› A new year, and new faces! (Setember 1, 2013)
We're happy to welcome two new members to the Williams lab, Ben Bates and Kevin Burke. Ben is working in the lab in conjunction with the Wisconsin Geological Survey. Kevin has started his M.Sc after finishing his undergraduate degree at Notre Dame.
› Congratulations to Sam Munoz! (September 1, 2013)
Sam Munoz is now on a traineeship with the Novel Ecosystems IGERT. The Novel Ecosystems IGERT is an NSF funded project that brings together faculty and graduate students from many departments on campus to foster collaborative research in the realm of conservation biology in an ever-changing environment.

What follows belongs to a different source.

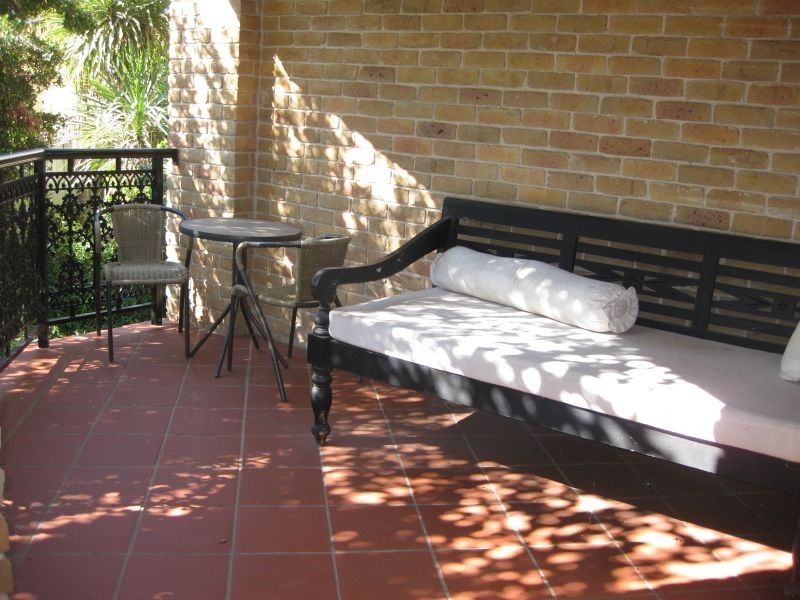 2/725-729 Kingsway, Gymea NSW 2227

› New papers on plant diversity, pollen assemblages megafauna proxies (September 1, 2013)
Jacquelyn Gill, Jack Williams, Chad Zirbel and Simon Goring are co-authors with Adam Skibbe and Kendra McLauchlan on a new paper out in the Journal of Ecology relating herbivore density to dung fungus abundance. In a paper in the same issue, Simon Goring, along with co-authors Terri Lacourse, Rolf Mathewes and Marlow Pellat discuss the lack of a link between modern plant species richness and pollen taxonomic richness in British Columbia.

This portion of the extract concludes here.